By default, AWS SDKs connect to IMDS using its fixed IPv4 endpoint (http://169.254.169.254). In an IPv6 cluster, pods may be in a network environment where they cannot reach this IPv4 address.
Setting the AWS_EC2_METADATA_SERVICE_ENDPOINT_MODE environment variable to IPv6 instructs the AWS SDK to use the IPv6 endpoint (http://[fd00:ec2::254]) instead. This feature is only supported on Nitro-based EC2 instances.
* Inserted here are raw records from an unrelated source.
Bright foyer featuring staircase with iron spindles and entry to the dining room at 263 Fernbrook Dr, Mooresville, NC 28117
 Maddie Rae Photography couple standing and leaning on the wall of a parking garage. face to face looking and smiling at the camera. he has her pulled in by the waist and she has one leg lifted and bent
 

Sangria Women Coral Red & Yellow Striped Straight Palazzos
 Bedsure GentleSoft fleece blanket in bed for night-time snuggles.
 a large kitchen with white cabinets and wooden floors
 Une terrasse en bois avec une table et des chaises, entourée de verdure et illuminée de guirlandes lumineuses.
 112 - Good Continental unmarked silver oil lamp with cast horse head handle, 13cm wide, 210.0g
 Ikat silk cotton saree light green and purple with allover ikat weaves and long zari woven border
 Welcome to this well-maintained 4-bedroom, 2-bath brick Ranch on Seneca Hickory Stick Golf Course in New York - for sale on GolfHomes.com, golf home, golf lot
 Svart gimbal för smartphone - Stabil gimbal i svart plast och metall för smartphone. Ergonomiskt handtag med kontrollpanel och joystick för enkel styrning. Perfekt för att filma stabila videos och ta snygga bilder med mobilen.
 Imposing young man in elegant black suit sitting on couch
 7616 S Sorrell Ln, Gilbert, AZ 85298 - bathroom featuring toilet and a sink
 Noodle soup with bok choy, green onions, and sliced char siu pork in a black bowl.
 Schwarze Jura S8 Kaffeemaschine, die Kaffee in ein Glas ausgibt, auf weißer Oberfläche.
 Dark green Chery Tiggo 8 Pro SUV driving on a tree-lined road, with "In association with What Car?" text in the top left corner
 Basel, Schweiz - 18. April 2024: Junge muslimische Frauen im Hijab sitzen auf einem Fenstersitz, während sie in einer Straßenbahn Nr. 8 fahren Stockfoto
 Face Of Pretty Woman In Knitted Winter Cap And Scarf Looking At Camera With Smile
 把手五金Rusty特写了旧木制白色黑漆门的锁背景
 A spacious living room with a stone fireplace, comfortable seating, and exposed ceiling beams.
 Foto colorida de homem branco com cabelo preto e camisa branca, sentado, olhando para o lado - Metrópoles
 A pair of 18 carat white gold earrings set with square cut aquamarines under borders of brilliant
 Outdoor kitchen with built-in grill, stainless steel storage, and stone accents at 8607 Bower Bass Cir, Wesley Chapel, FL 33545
You must set this environment variable for both the driver and executor pods.
spec:
driver:
# ...
# instruct java sdk to use ipv6 when talking to the IMDS
env:
- name: AWS_EC2_METADATA_SERVICE_ENDPOINT_MODE
value: IPv6
---
spec:
executor:
# ...
# instruct java sdk to use ipv6 when talking to the IMDS
env:
- name: AWS_EC2_METADATA_SERVICE_ENDPOINT_MODE
value: IPv6
If you do not configure the IMDS endpoint, any Spark job that interacts with Amazon S3 will fail with an authentication error.
Cleanup
To avoid ongoing charges, clean up the resources by following the instructions in the main Infrastructure Deployment Guide. The same process applies to both IPv4 and IPv6 deployments.